▶ [Source data]
====

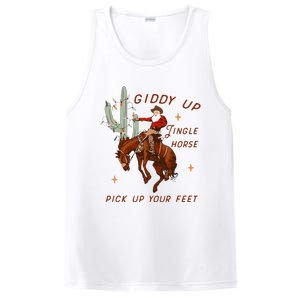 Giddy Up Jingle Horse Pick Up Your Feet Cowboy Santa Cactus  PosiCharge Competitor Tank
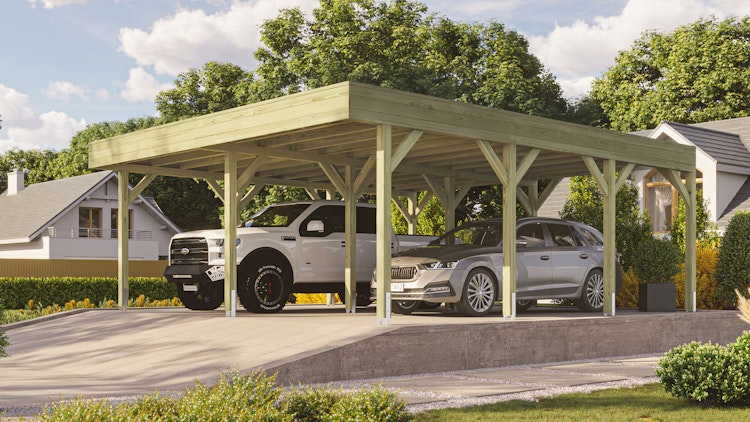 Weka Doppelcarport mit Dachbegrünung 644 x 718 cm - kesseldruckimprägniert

====

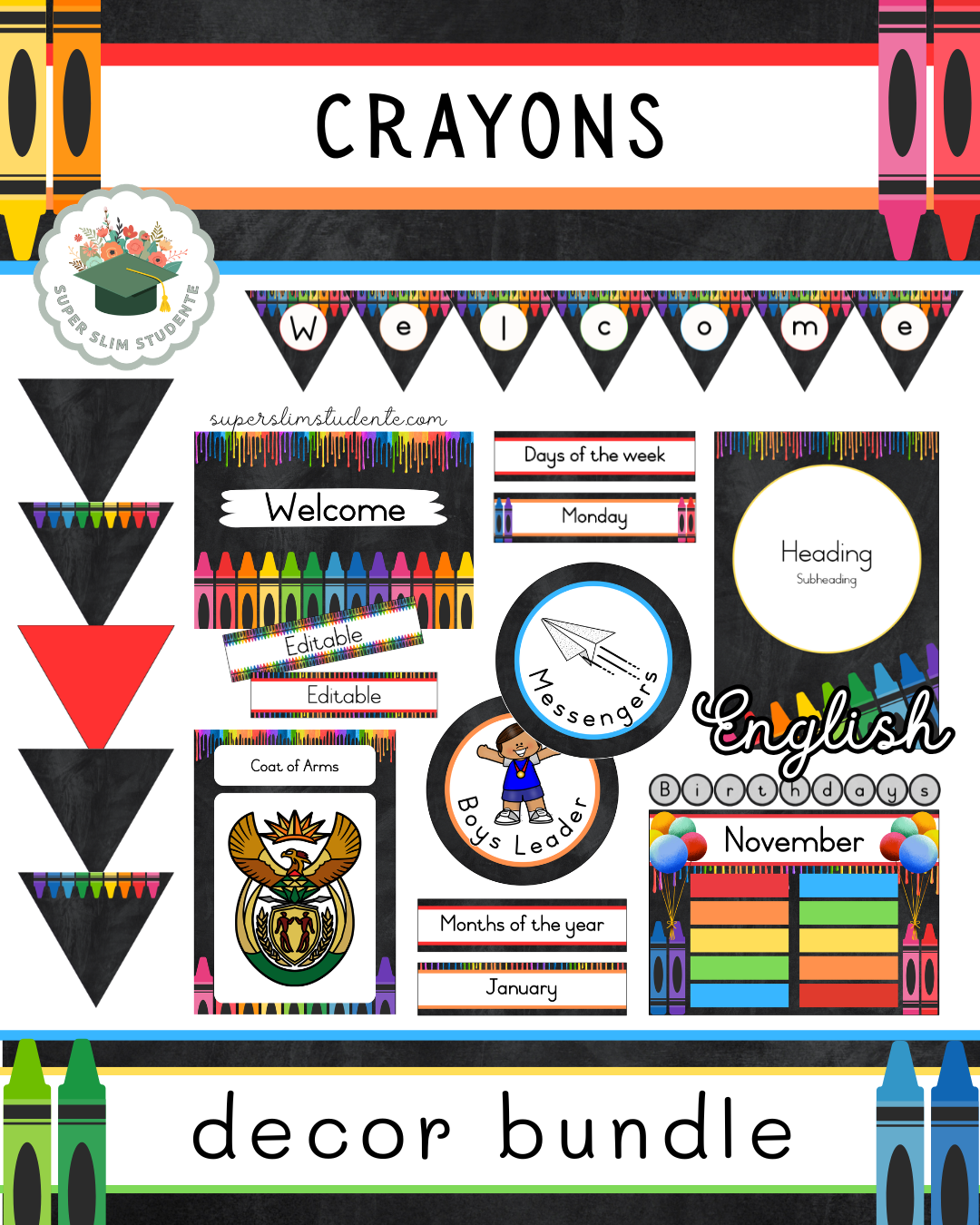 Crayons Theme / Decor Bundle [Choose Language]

====

▶ [Task details]
Every line from the one with "Giddy Up Jingle" through the one with "Weka Doppelcarport mit" is to be reproduced exactly as written above, and the pictures are to be dropped.

▶ [Answer to the exercise]
 Giddy Up Jingle Horse Pick Up Your Feet Cowboy Santa Cactus  PosiCharge Competitor Tank
 Weka Doppelcarport mit Dachbegrünung 644 x 718 cm - kesseldruckimprägniert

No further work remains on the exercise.